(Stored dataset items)
————————

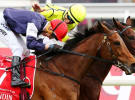 Melbourne Cup TV ratings down, streaming numbers race ahead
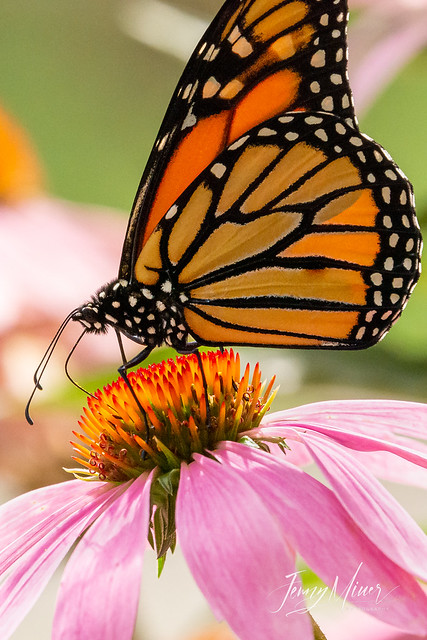 Monarch and Purple Coneflowers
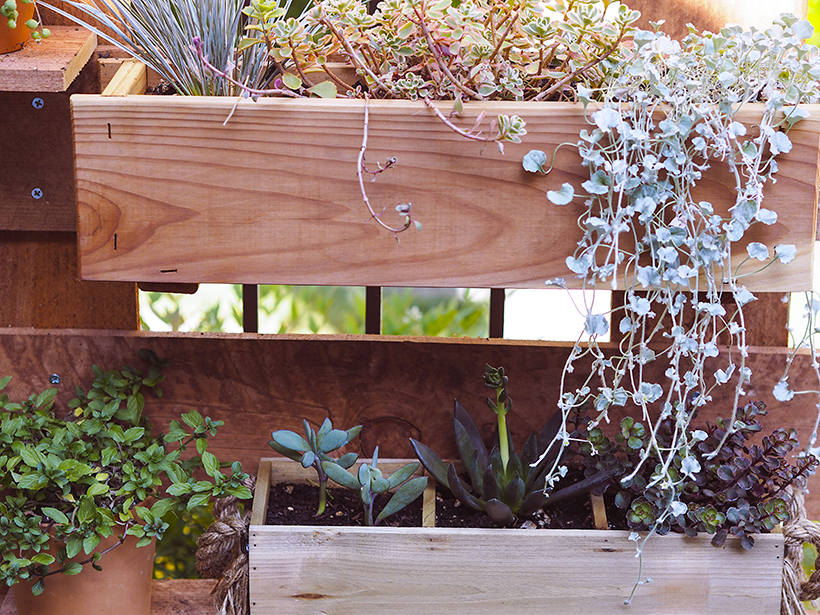 DIY Vertical box planter garden via happymundane.com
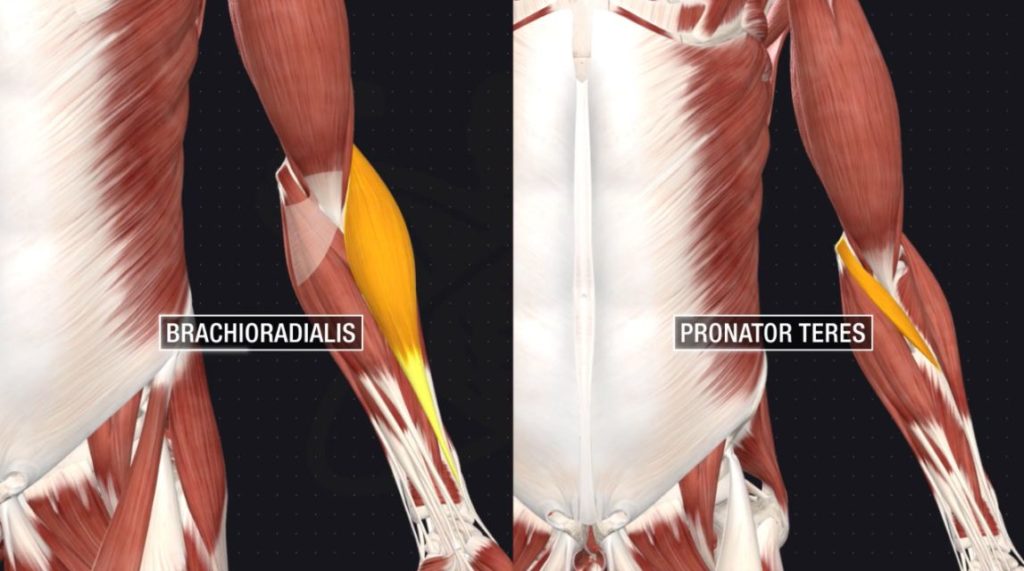 How to get bigger forearms brachioradialis and pronator teres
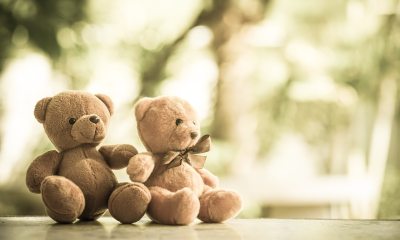 Two teddy bears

————————

• Action item
Write out every line above exactly, minus images.

• Solution
 Melbourne Cup TV ratings down, streaming numbers race ahead
 Monarch and Purple Coneflowers
 DIY Vertical box planter garden via happymundane.com
 How to get bigger forearms brachioradialis and pronator teres
 Two teddy bears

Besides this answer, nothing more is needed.